Soal kebudayaan, masyarakat sana mempunyai beberapa hal yang cukup unik. Salah satunya adalah tentang arah. Kalau di Jakarta, biasanya kalau kita bertanya arah suatu tempat, kita mengenal kata-kata seperti “lurus, belok kiri, di perempatan terus belok kanan”. Di sana, mereka menggunakan arah mata angin, jadi misalnya “ke arah timur, nanti di perempatan belok ke selatan”. Di sana juga sepeda onthel menjadi sesuatu yang amat sangat umum. Rasanya, akan aneh jika mengetahui bahwa orang asal Jogja tapi tak bisa naik sepeda, mengingat Jogja sudah seperti kota sepeda. Di Jakarta, sepeda onthel sudah amat sangat langka.

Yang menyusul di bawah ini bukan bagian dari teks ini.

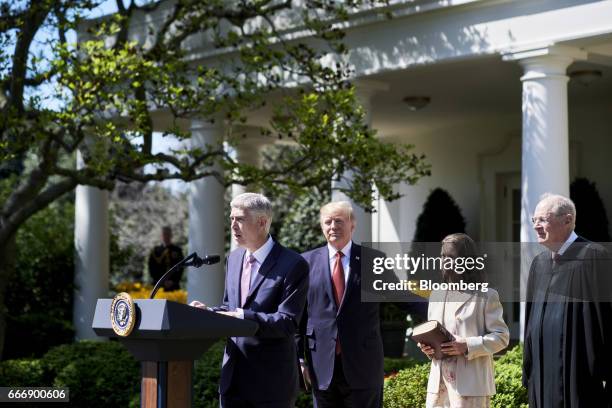 Supreme Court Justice Neil Gorsuch, from left, speaks after taking the oath of office as U.S. President Donald Trump, wife Louise Gorsuch, and...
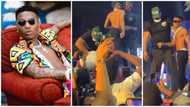 Wizkid in Abuja: Video clip captures moment 2 excited fans grabbed singer's leg at concert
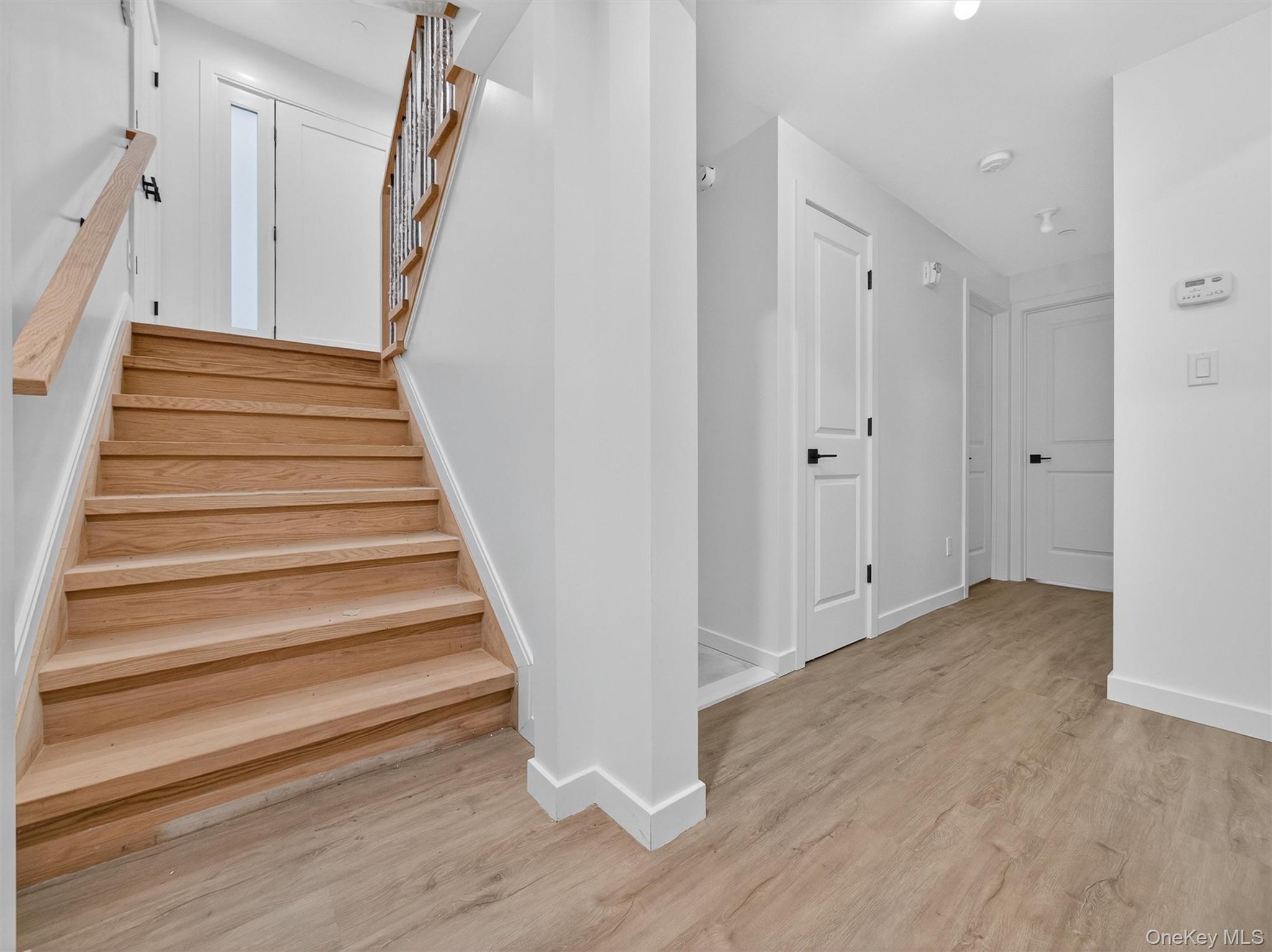22 Johnson Street Spring Valley, NY 10977 - Photo 43 of 50 a view of entryway with wooden floor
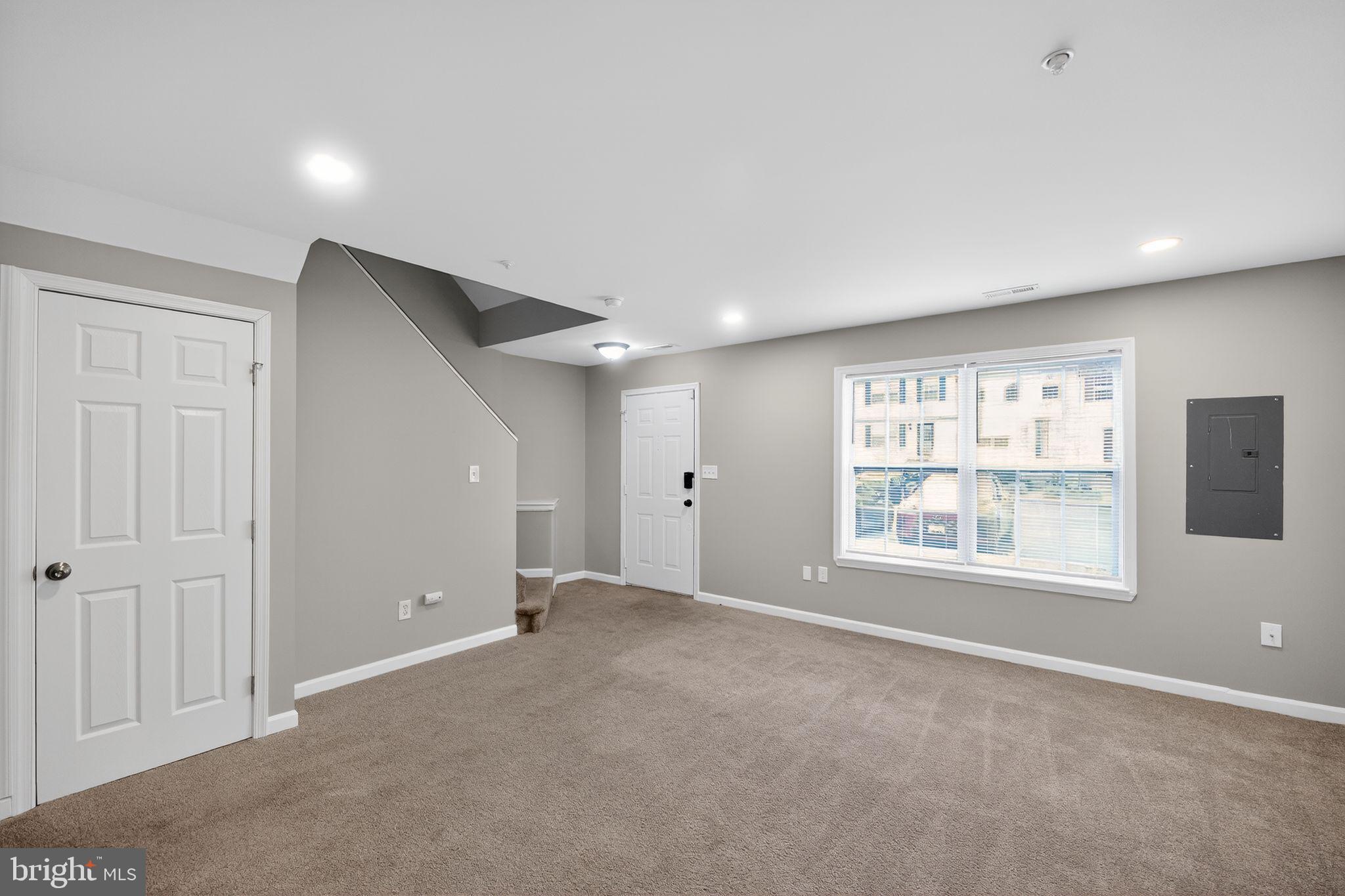 3524 Orchard Shade Road Randallstown, MD 21133 - Photo 5 of 34 a view of an empty room with a window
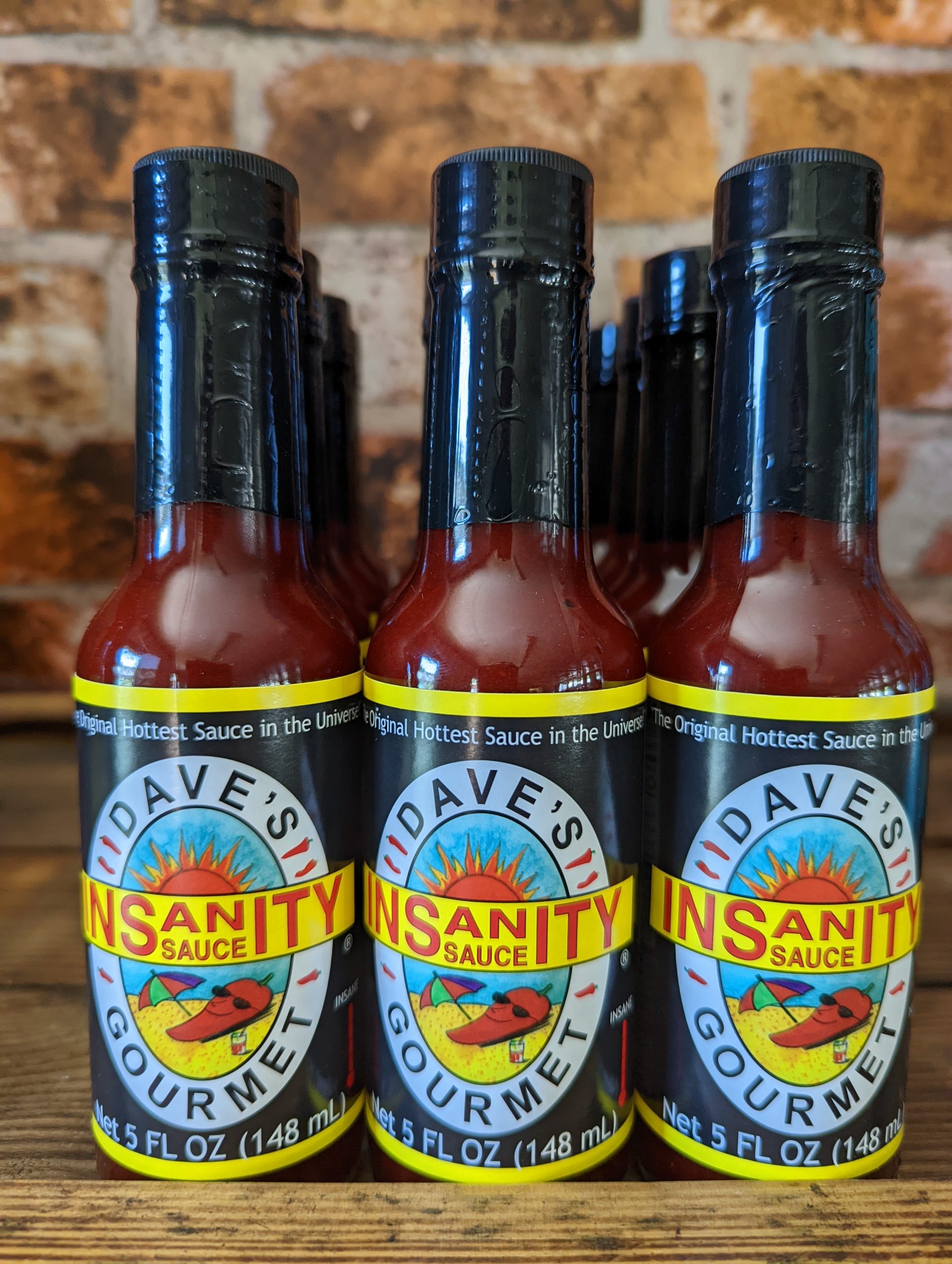 Picture of bottles of the famous Dave's Insanity Sauce on the shelf at the Chilli Ranch.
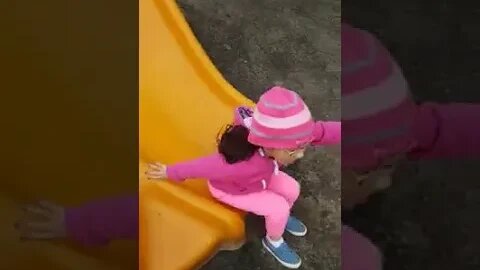 Cutie baby girls in the park playing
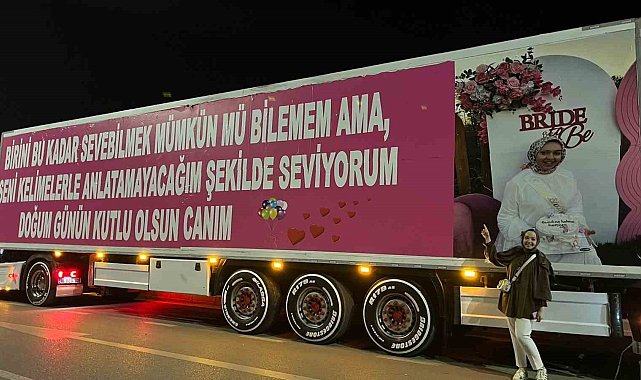 Eşinin doğum günü için 25 metrelik tırı kapladı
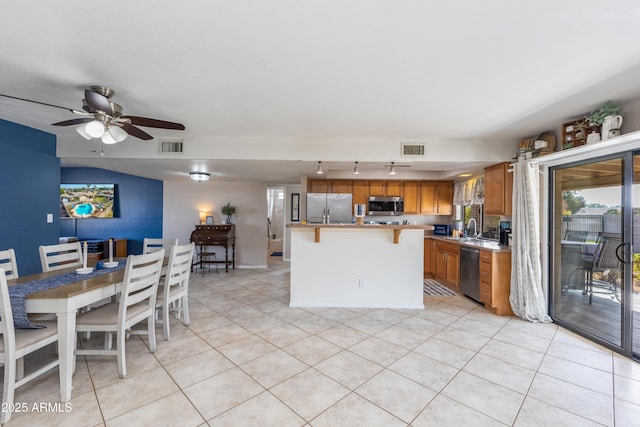 kitchen featuring light tile patterned flooring, a kitchen bar, sink, a center island, and appliances with stainless steel finishes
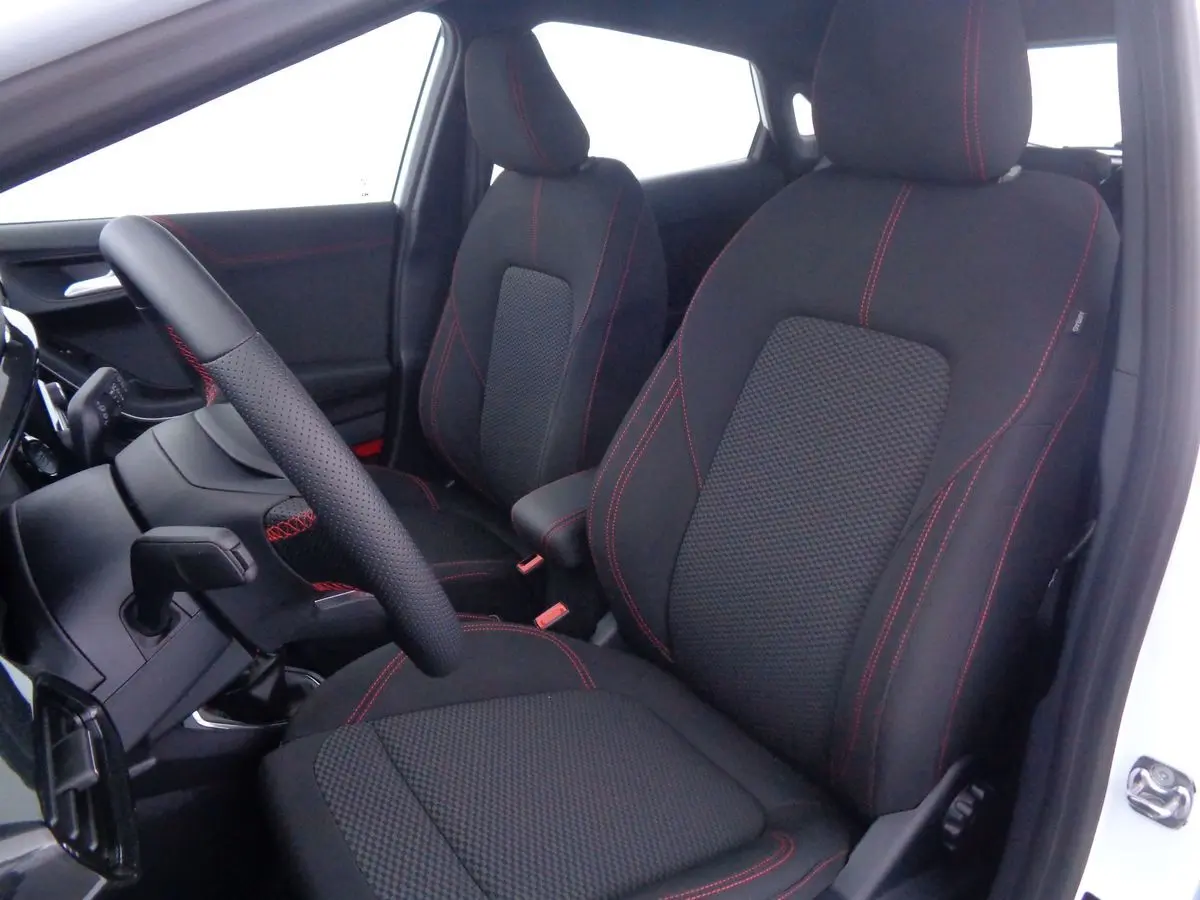 Intérieur avant du Ford Puma blanc 2022, sièges noirs avec surpiqûres rouges et volant en cuir perforé.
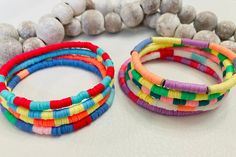 These summer color bracelets are perfect to add on to any bracelet set that you might have or even to wear by themselves. They are made from 4mm heishi beads and ready to give your wrist some pop of color! PRODUCT DETAILS  Bracelets are strung on high quality stretchy cord.Easy to roll on your hand and take off.  -Closure:tie LENGTH:  You can reference the bracelet sizing chart in photos.  BRACELET CARE: -treat gently  -avoid water and moisture PACKAGING:  Placed in a dainty mesh drawstring jewelry bag with a ribbon and note attached.  Please do not hesitate to ask any questions!  This shop assumes no responsibility for bracelets that are sold Multicolor Stacked Heishi Beads Stretch Bracelet, Multicolor Stacked Heishi Beads Bracelets, Multicolor Stacked Bracelets For Beach, Color Bracelets, Multicolor Bracelet, Bracelet Rainbow, Stack Bracelet, Chapel Hill Nc, Tie Length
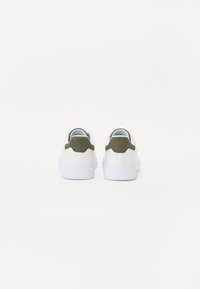 Hvite sneakers med en glatt finish, med oliven grønn semsket skinn detaljer på hælene og en strukturert hvit gummisåle.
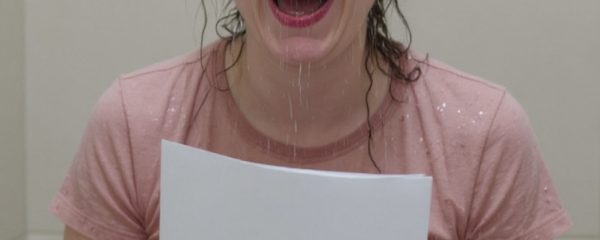 Hannah laughs while sitting on a stool, holding a piece of paper, with water dripping from her hair. She wears a pink t-shirt and grey leggings which are soaked.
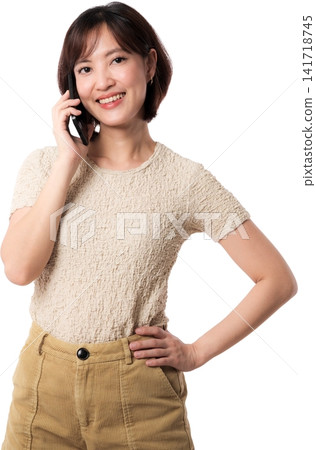 Asian woman portrait phone smile beige shirt showing cheerful confidence against isolated background for lifestyle concept Asian woman portrait phone smile beige shirt showing cheerful confidence against isolated background for lifestyle concept 141718745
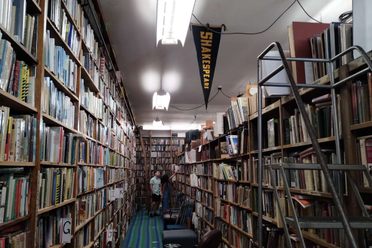 A row of bookshelves within Hyde Bros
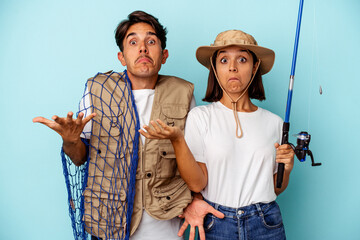 Young mixed race fisher couple isolated on blue background shrugs shoulders and open eyes confused.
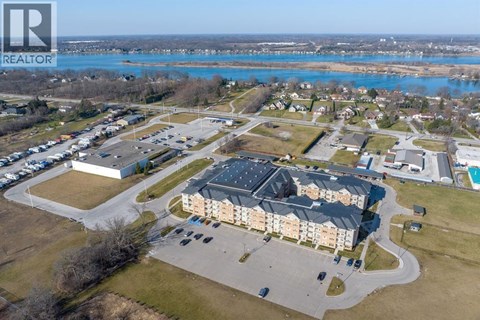 A realtor logo is on the top left corner of an aerial view of a residential area with a swimming pool and a large building.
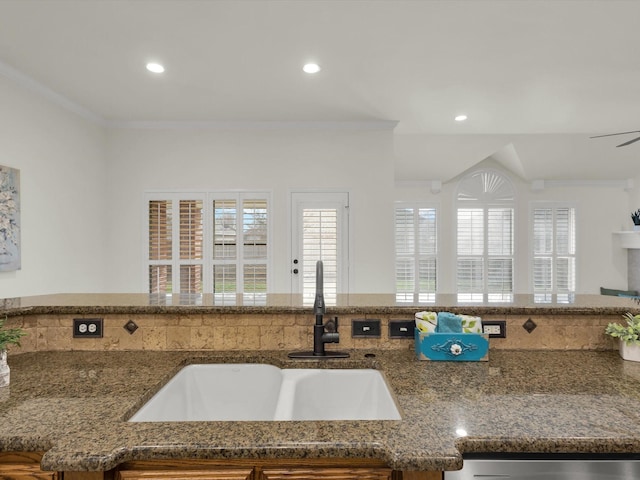 kitchen with sink, crown molding, and dishwasher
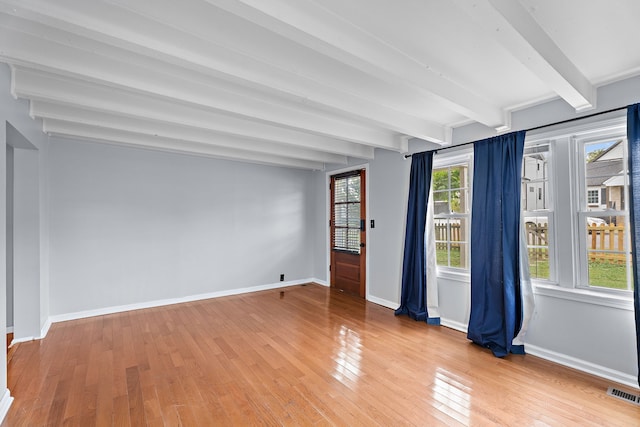 empty room featuring beam ceiling and hardwood / wood-style flooring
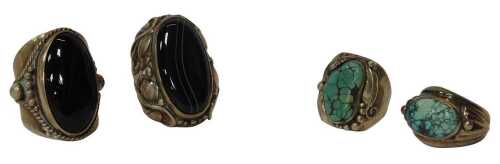 Four Eastern- inspired silver dress rings, comprising two stone set with turquoise, one with...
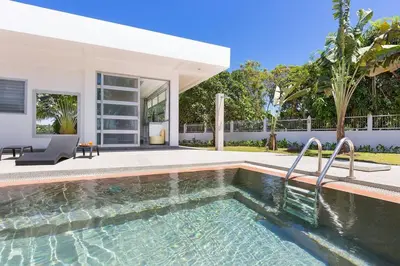 a swimming pool in front of a house at Secluded Paradise Your Exclusive Villa Retreat V82 in Rawai Beach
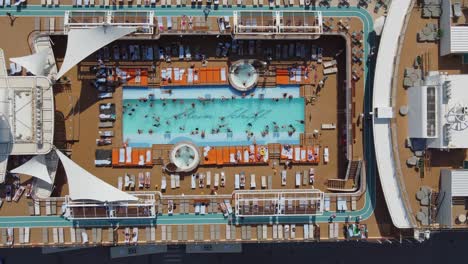 Cruise-ship-passengers-swimming-and-relaxing-on-lido-deck-pool-and-sun-lounge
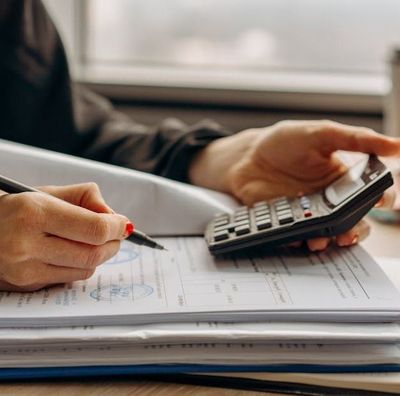 A person is using a calculator and writing on a piece of paper.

Sekarang kita membahas soal peranan ibu dalam keluarga, yang menjadi topik utama renungan live in tahun ini. Menurut saya, peranan ibu angkat saya di dalam keluarga angkat saya selama live in cukup mendominasi, mengingat bapak angkat saya selama di sana cukup sibuk, dan jarang pulang ke rumah karena sedang menyelesaikan proyek pembangunan mesjid yang terletak di dekat rumah kami selama di desa. Walaupun di rumah itu mereka hanya tinggal bertiga (ibu angkat, bapak angkat, dan nenek angkat saya), tapi mereka semua mempunyai peran masing-masing yang penting dalam ekonomi keluarga. Ibu angkat saya adalah ibu rumah tangga, yang walaupun hidupnya cenderung santai karena mempunyai penyakit jantung (jadi tak boleh terlalu lelah), tapi tetap bisa mengerjakan tugasnya dengan baik. Walaupun dia berkata dia tak bisa masak, tapi buktinya masakannya enak. Nenek angkat saya setiap harinya bekerja membuat makanan ternak. (Oh ya, saya lupa mengatakan kalau di rumah itu terdapat 4 kucing, 1 anjing, banyak sapi, ayam, dan kambing). Bapak angkat saya adalah seorang ketua RT, tapi peranannya saya kira tidak terlalu dominan, setidaknya selama saya live in di sana.